By contrast, the more flavor a beer has, the better it will taste at warmer temperatures. Cleaner, lighter ales (such as cream ales) can work well closer to “lager” temperatures. Darker, stronger lagers (bocks, doppelbocks) can benefit from approaching “ale” temperatures. But only the richest ales (stouts, strong ales, barley wines) should be served near room temperature.

I hear beer nerds talk about tasting—am I doing it right?

Okay, your beer’s been properly stored and served. Now, to help it taste its best, follow these easy steps.

1) Use a clean, clear glass. Brewers carefully blend special malts to create just the right color and appearance in their beer, so choose a glass that is totally clean. Dishwasher detergents and hand-washing soap can leave residue that, although imperceptible to the taster, will ruin a beer’s foamy head, causing the delicious brew to look less delicious. We recommend washing your glass thoroughly with hot water alone, or at least rinsing it repeatedly after a standard washing.

2) Your nose knows—we won’t be pretentious and say beer has a “bouquet” like wine, but it clearly has an aroma… one which the brewer has worked diligently to impart. Both malts and hops affect a beer’s aroma, with the latter frequently being chosen solely for their aromatic qualities. A beer can smell “malty,” sweet—in a grainy kind of way—or, more specifically, “toasty,” “chocolaty,” or even “burnt” (with roasted malts). Hops can impart floral, spicy, or “citrus” aromas (American varieties are famous for their lemony-grapefruity character). After a while, you can become familiar with the aromas of specific hop types. Overall, it pays to take time to appreciate a beer’s aroma. Leave enough room at the top of your glass so you can gently swirl the brew to release its smells.

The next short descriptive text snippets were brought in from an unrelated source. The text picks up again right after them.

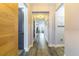 Hallway with light-colored walls, wood-look floors, and white trim leading to other rooms at 7683 Summerland Cv, Lakewood Ranch, FL 34202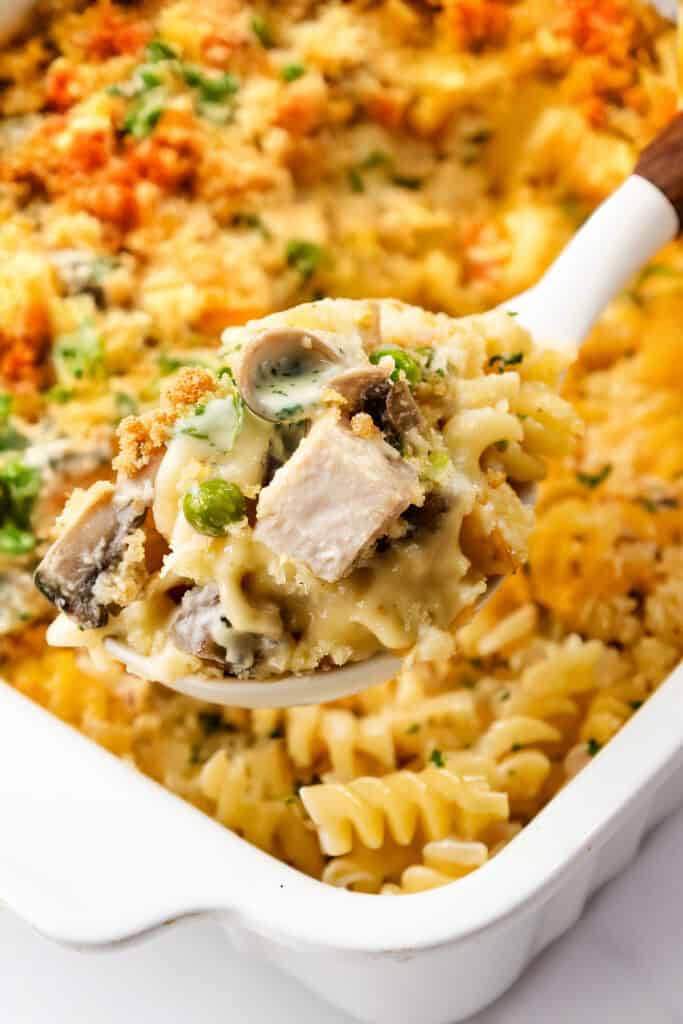 A close-up of a spoonful of creamy pasta bake with mushrooms and leftover turkey, topped with a crispy breadcrumb crust. This turkey casserole features textured rotini pasta and is garnished with chopped parsley, all in a white baking dish.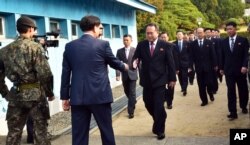 FILE - The head of the North Korean delegation Ri Son Gwon, center, is greeted by an unidentified South Korean official as Ri crosses to the South side for the meeting with South Korea at Panmunjom in the Demilitarized Zone, Oct. 15, 2018.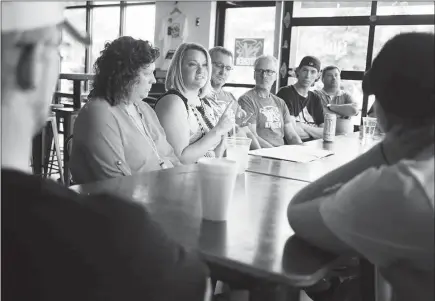  ?? PHOTOS BY LUKE SHARRETT / THE NEW YORK TIMES ?? A therapist leads a mandatory workshop related to addiction recovery at DV8 Kitchen in Lexington, Ky. Having seen the tragedy of drug abuse played out by too many of their past employees, DV8 owners Diane and Rob Perez decided to hire people struggling with addiction and focus the restaurant’s business model on assisting in workers’ recovery.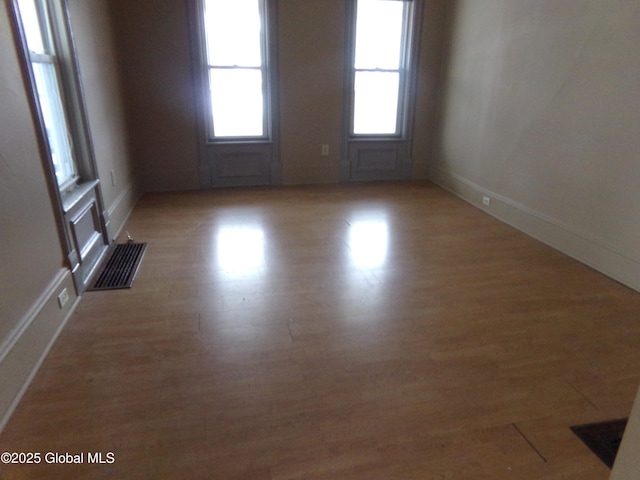 spare room with light wood-style flooring, baseboards, and visible vents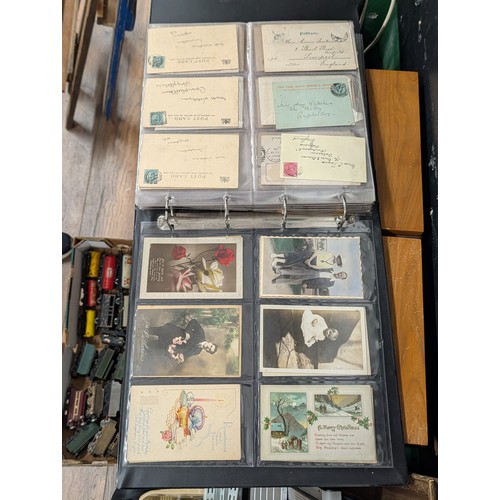 133 - A Large Collection of 200+ Early 20th Century Postcards and Ephemera in a Black Binder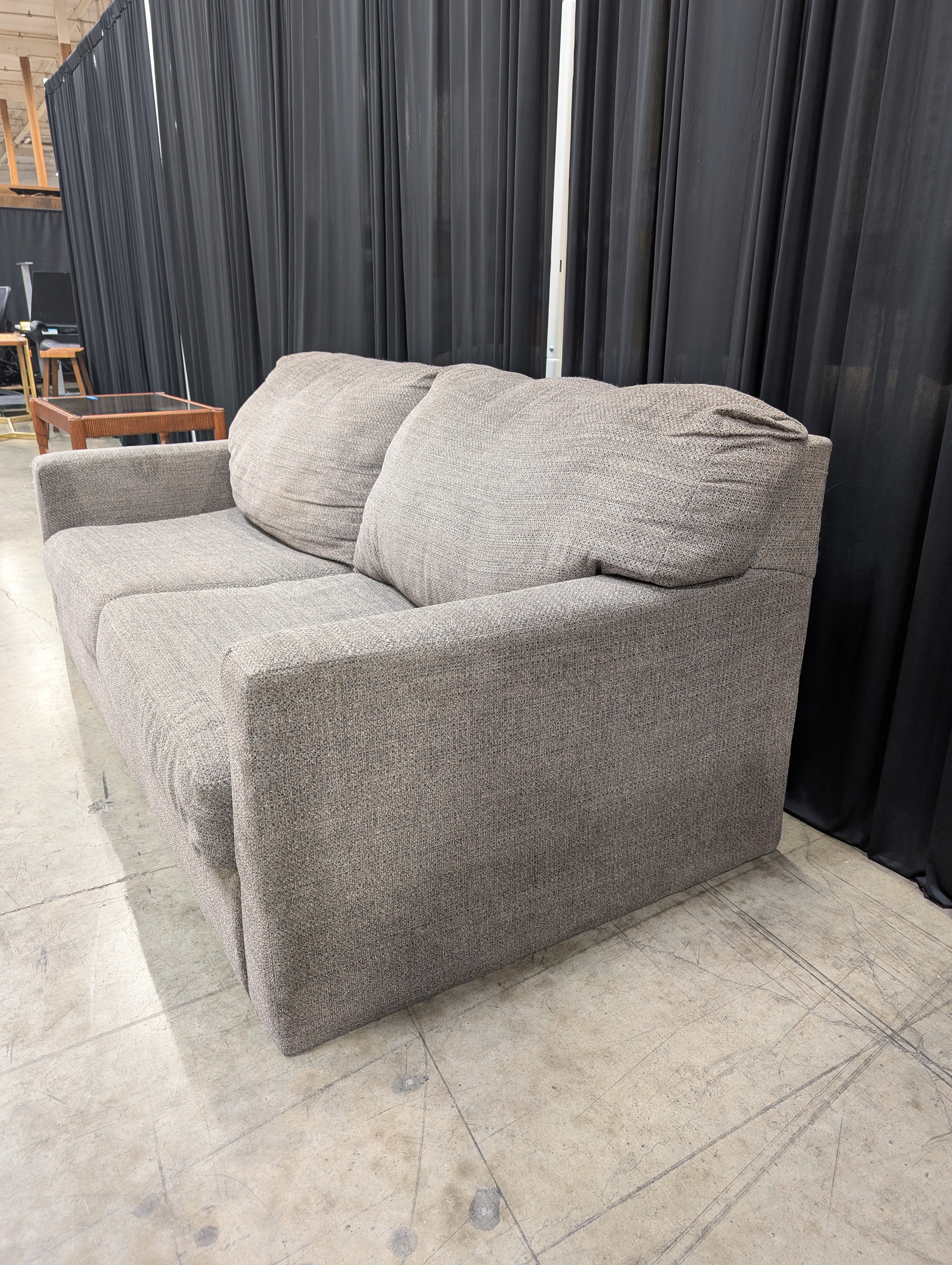 Grey Textured Fabric Two-Seater Couch with Track Arms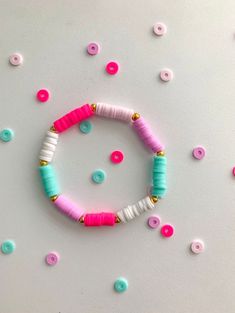 a pink and blue bracelet with white beads on it, surrounded by confetti sprinkles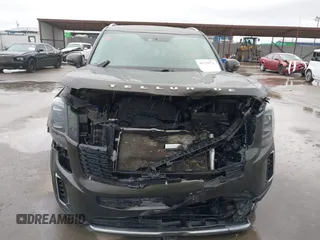 2022 Kia Telluride EX z VIN 5XYP3DHC3NG222108, wystawiony jako IAAI lot #41759771 z przebiegiem 129 098 mil mil oraz . Historia ofert i sprzedaży dostępna na DreamBid. Obrazek 6.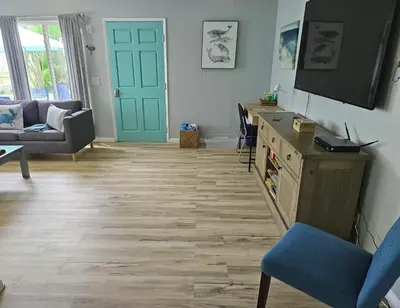 a living room with a television and a blue door at Luna Azul, cozy condo only steps to Mission Beach! Free Internet in San Diego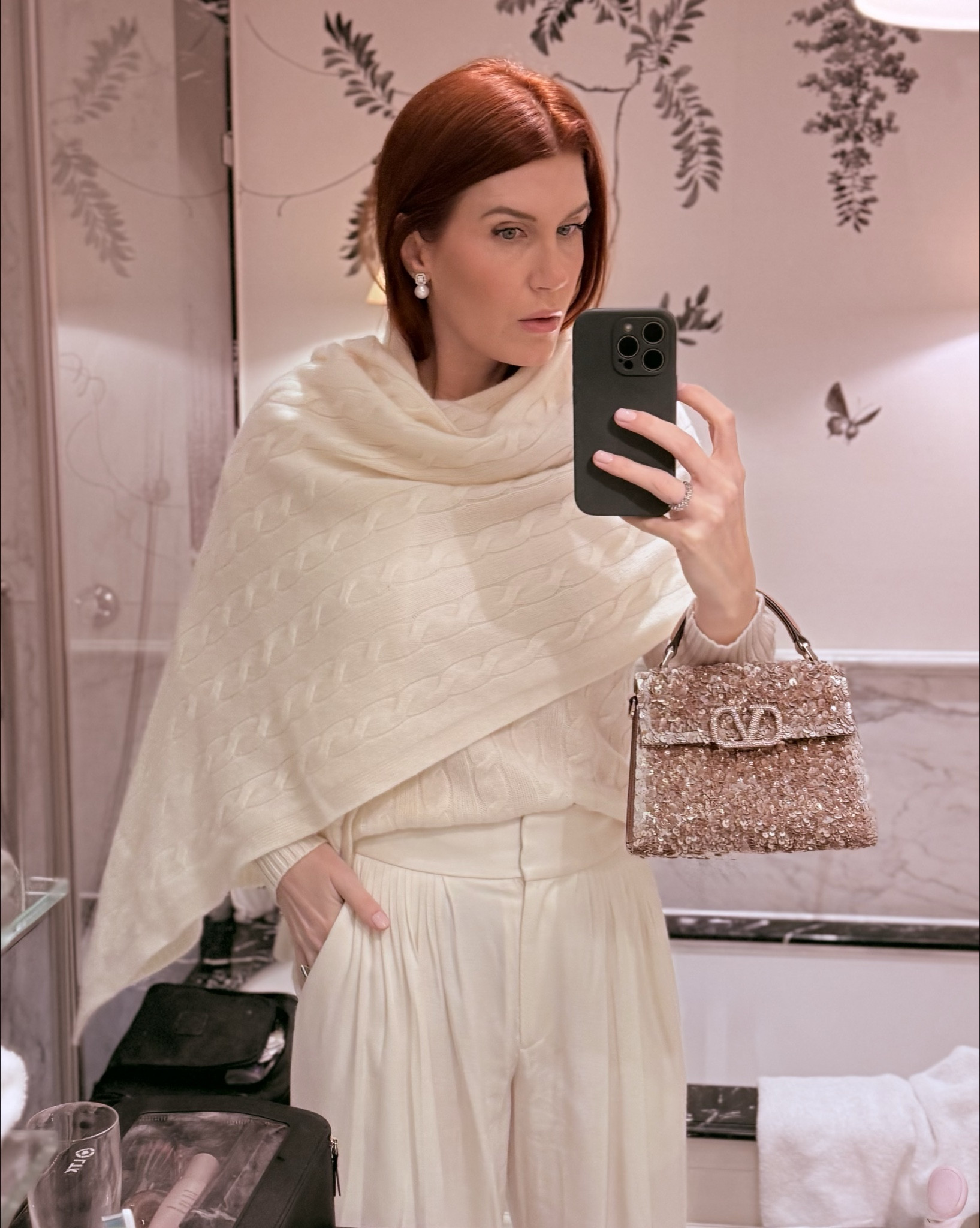 Headed out to dinner in London in this elegant look. I have mixed and matched these pieces for you quite a bit lately- they are all “wardrobe builders” - timeless investment pieces. 
I layered a cashmere cable knit crew neck under a wrap- also by Ralph Lauren. 

#LTKootd #LTKTravel #LTKWorkwear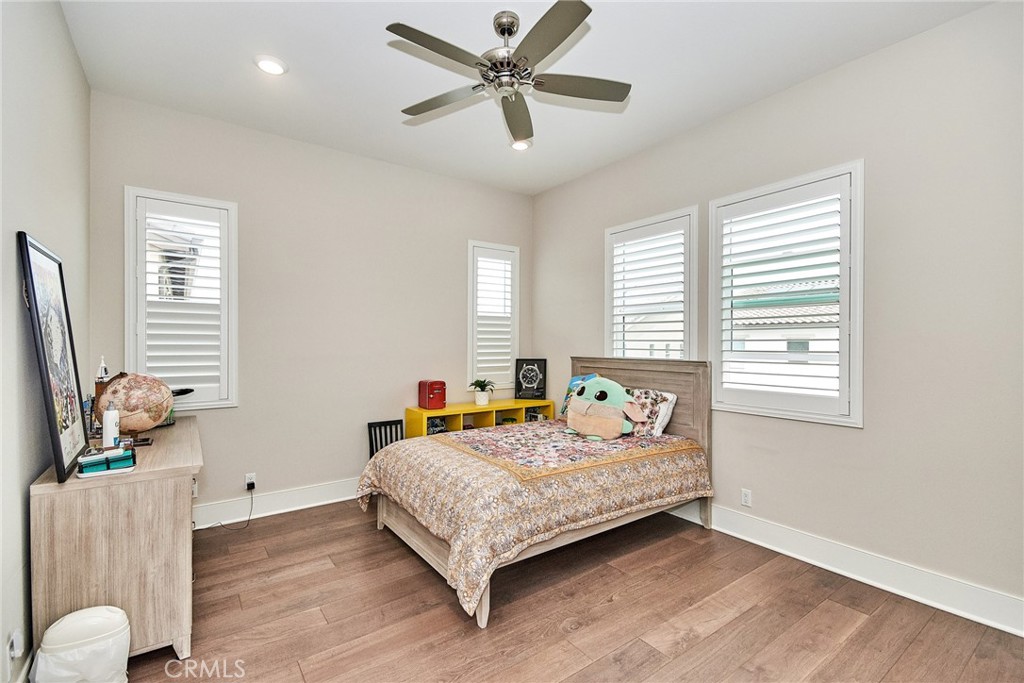 115 Crossover Irvine, CA 92618 - Photo 51 of 64 a bedroom with a bed and a chandelier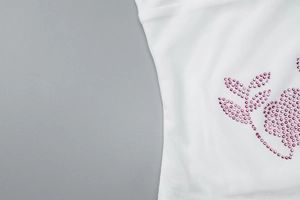 Detail of pink rhinestone flower pattern and white knit fabric on slim fit set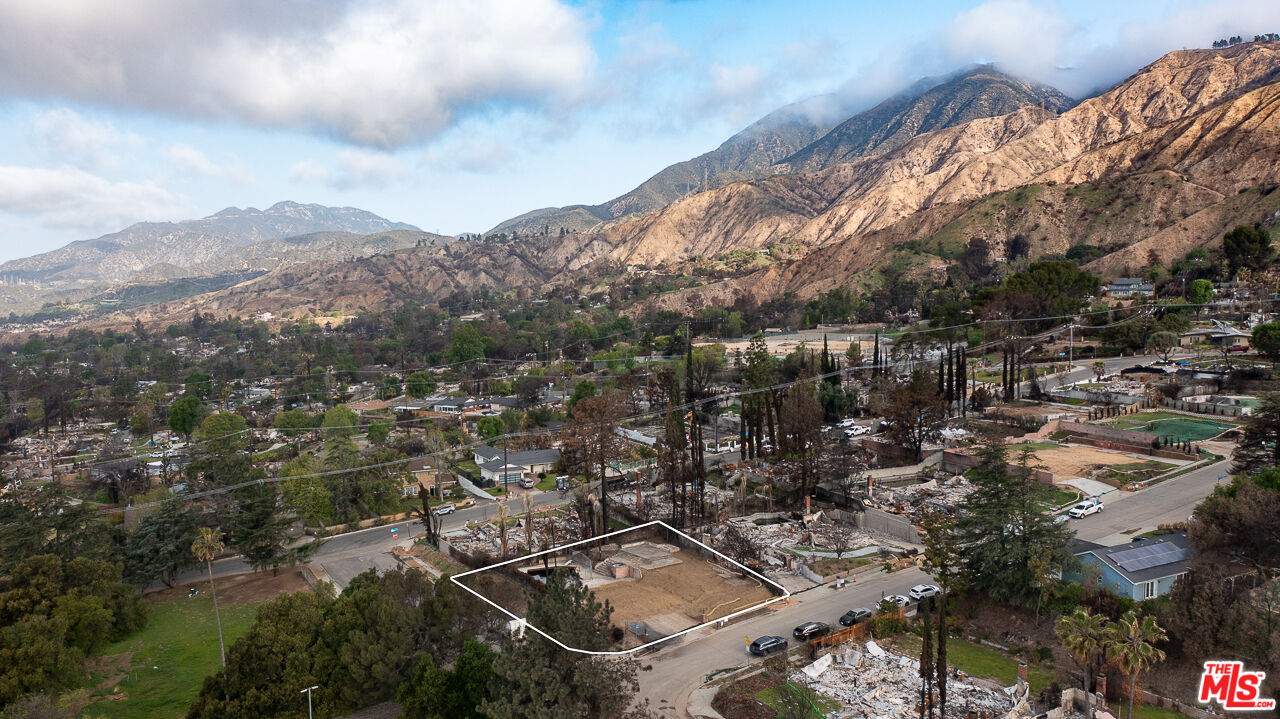 3363 Monterosa Drive Altadena, CA 91001 - Photo 8 of 13 an aerial view of residential house with parking space and mountain view in back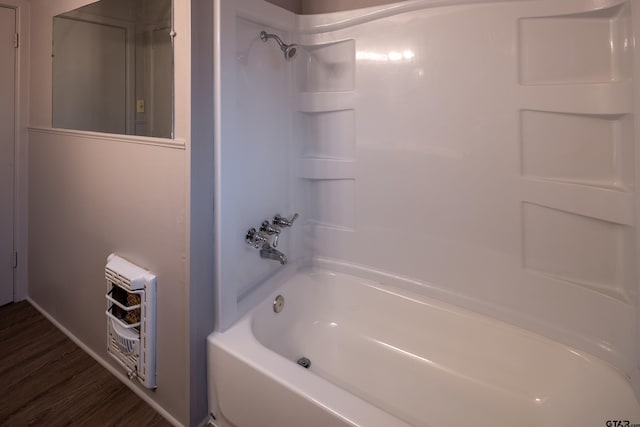 bathroom with heating unit, wood-type flooring, and shower / bathing tub combination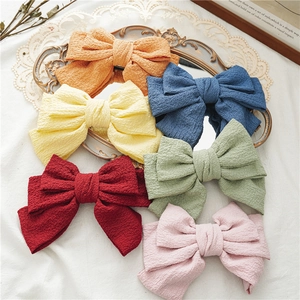 Detailed close-up of colorful oversized layered bow hair clips with textured seersucker fabric
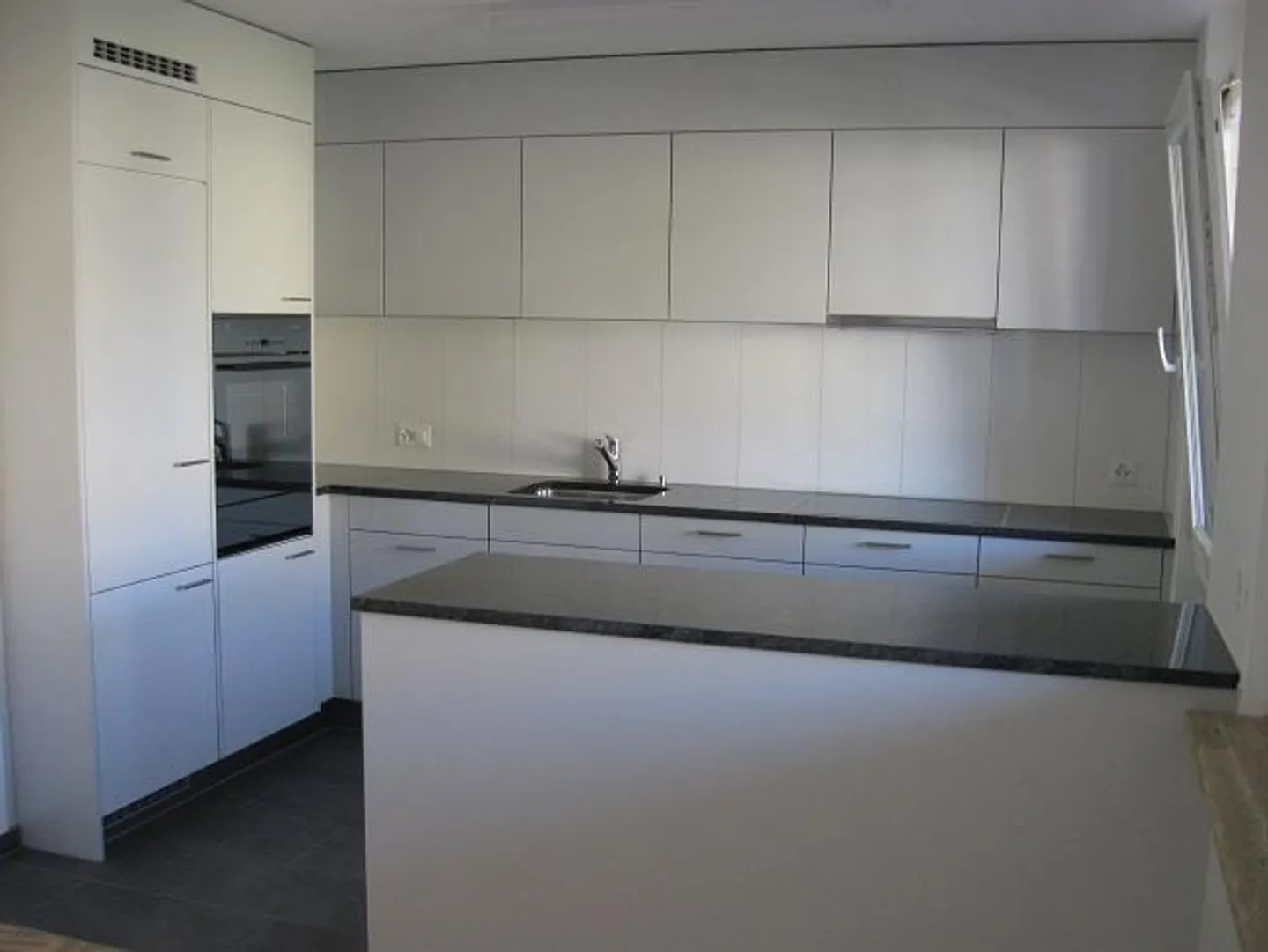 Balcony with evening sun, modern kitchen open to living room - Photo 4 of 9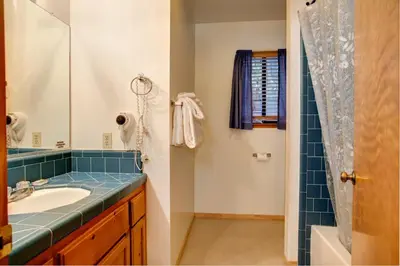 a bathroom with a sink and a shower at Cecil's Cabin in Wawona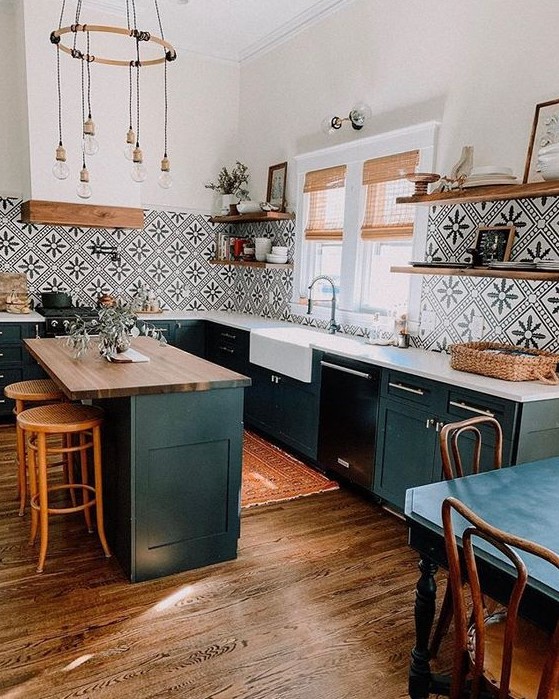 a black farmhouse kitchen with a kitchen island, stained wooden shelves, a bold black and white Moroccan tile backsplash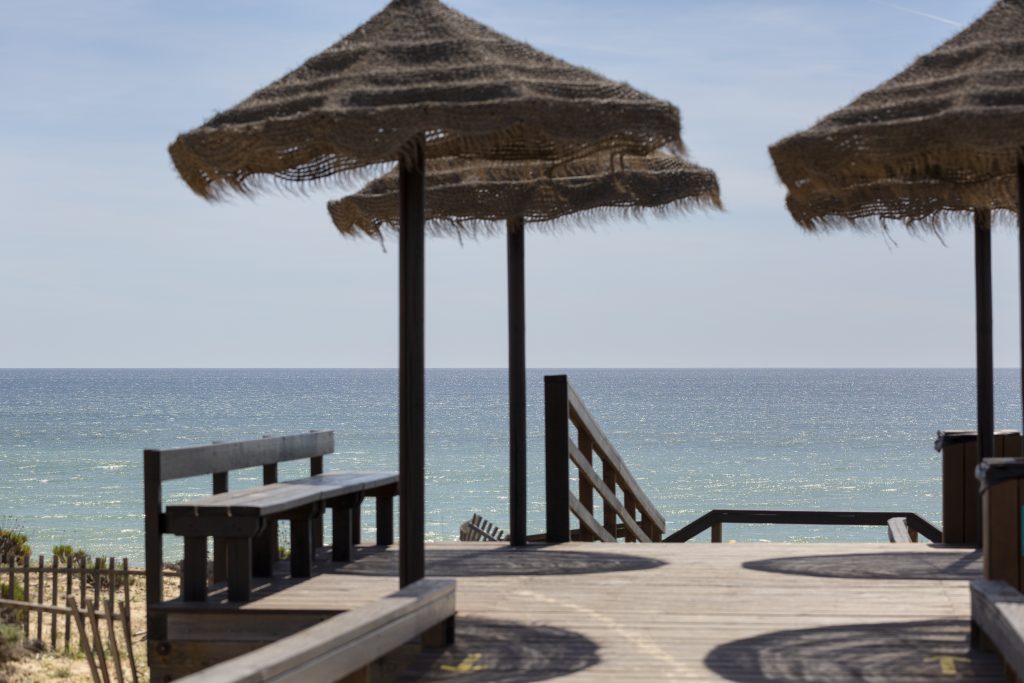 Wooden pathway leading towards the calm blue Atlantic Ocean, featuring thatched beach umbrellas and a wooden bench for beach access and relaxation.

3) Don’t waste taste buds. Instead of just gulping down a beer, consider how it tastes in your mouth. How it feels on your tongue. It may be sweet at first, then bitter and dry as you swallow. Or perhaps it is mouth-coatingly rich, with flavors that remind you of toffee and “fresh-baked bread.” Wheat beers may be refreshingly crisp and clean, while a stout – with all its licorice, coffee, and chocolate notes— can only be described as “complex.” The key to all craft-brewed beer is flavor, so always try to think about the way your chosen brew tastes. Your tongue will thank you.

4) Think about the beer’s finish (not just finishing the beer). After each swallow, examine the brew’s lasting flavors and qualities. Does a hoppy India Pale Ale linger longer than a clean, soft wheat beer? Does a malty brown ale seem sweeter going down than a dry stout? “Aftertaste” is something to be desired in a good beer. It provides a final impression of the brew’s qualities and, possibly, its overall quality.

So, now you have a few tips and tricks intended to help you enhance your beer drinking experience. This list of advice is by no means all-inclusive, and as we continue to travel the craft beer universe, we will no doubt learn some more useful tips and tricks that we can then pass on to you through useful blog posts like this one, or maybe over a pint at the Brew Republic world headquarters.

To the Republic (if you can keep it)… Cheers!